We lived in tents and had a portable radio for the news and music. While we were in the camp, President Johnson came on and told the nation that we’d been attacked in the Gulf of Tonkin and we were going to war in Vietnam. It was a big mistake just like Iraq. I went to San Francisco State after my year working in Michigan and was 1A and was later classified as 4F because of high blood pressure, so never was in danger of being drafted. Anyway, I’d already given service to my country
They always talk about illegal aliens, but this Mexican American family was from Texas and followed the crops until the season ended and then went back to Texas. One family had a 12 year old son and I took him to town one day and he refused to walk through the park because he was afraid. I’m not sure what had happened or what he’d been told, but he didn’t want to walk through the park. I’ve never forgotten that. We walked around instead.

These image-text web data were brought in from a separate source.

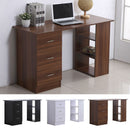 3 Drawers Workstation Computer Desk by Lavishway | Walnut Desks-38584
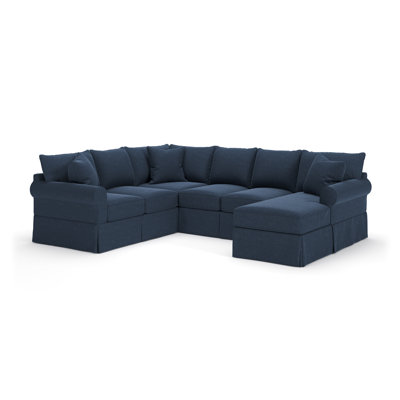 Amari 3 - Piece Slipcovered Sectional by Wayfair Custom Upholstery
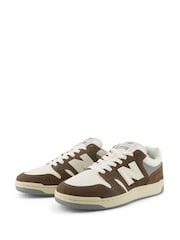New Balance White Ground 480 Trainers - Image 6 of 9
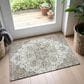 Dalyn Rug Company Silk Road Ivory, Beige, Taupe, Gold, Gray and Copper 2"6" x 3"10" Area Rug, , large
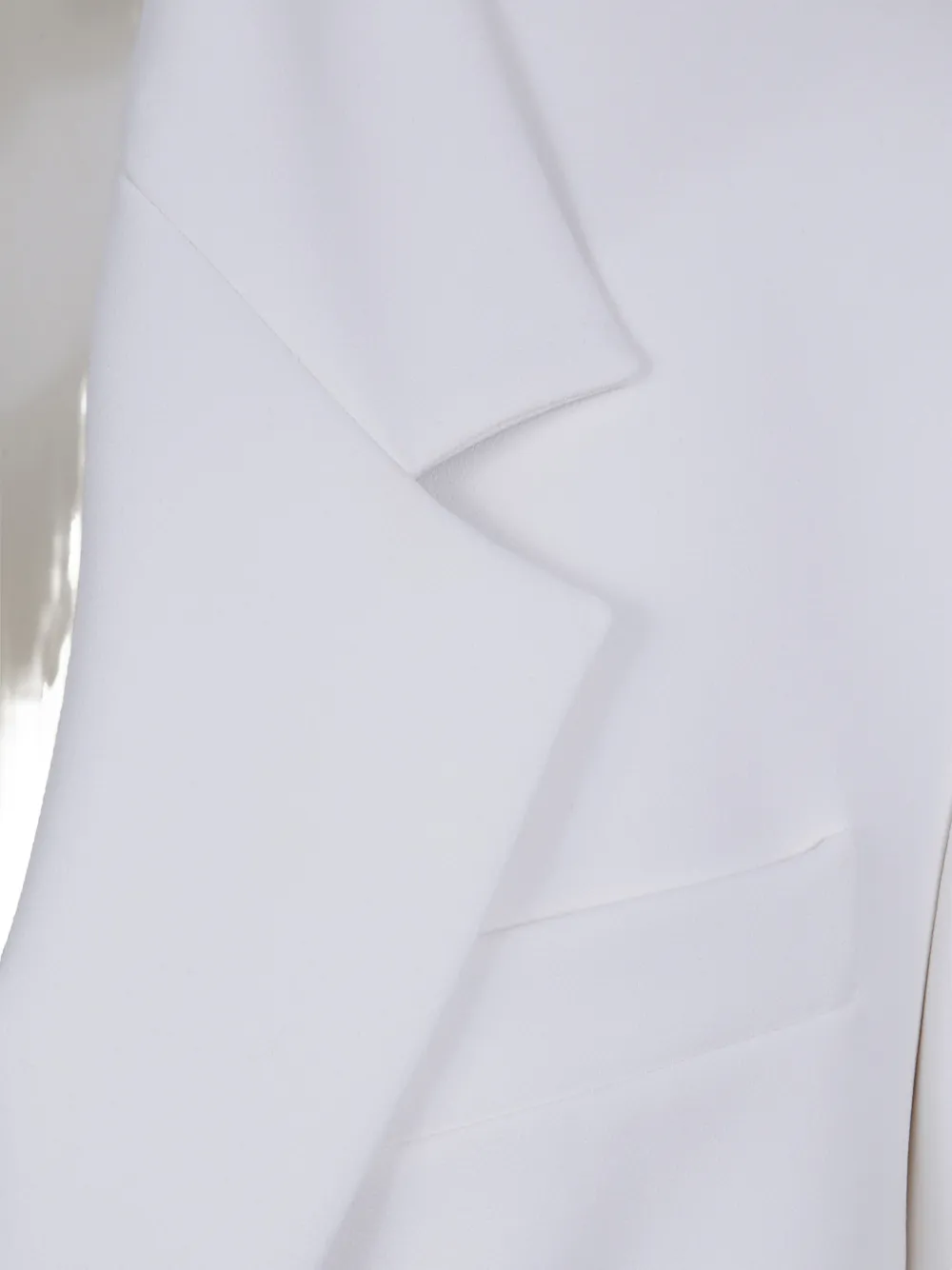 DRHOPE Blazer met gekerfde revers Wit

I went out to work with his father, who drove truck. We went out in the morning and worked into the dark of the night loading string beans from the machines into the bed of the truck. The big problem was that the truck listed to one side and the farmer refused to fix it. We expected the truck to break down anytime when we were on the highway. Fortunately, it never happened.
Other VISTA volunteers were working in other migrant camps. I remember visiting one of the other migrant camps and there were 13 people living in one room. The screens were knocked out of the screen doors and the room was filled with flies. The farmer complained about what slobs they were. Evidently he never heard about the study of what rats did when many of them were confined in a small space.
The barns and garages for his cars, horses, and farm equipment were much nicer than the places he gave his workers to live.
I went back to find the migrant camp where I worked a couple years ago, but it wasn’t there.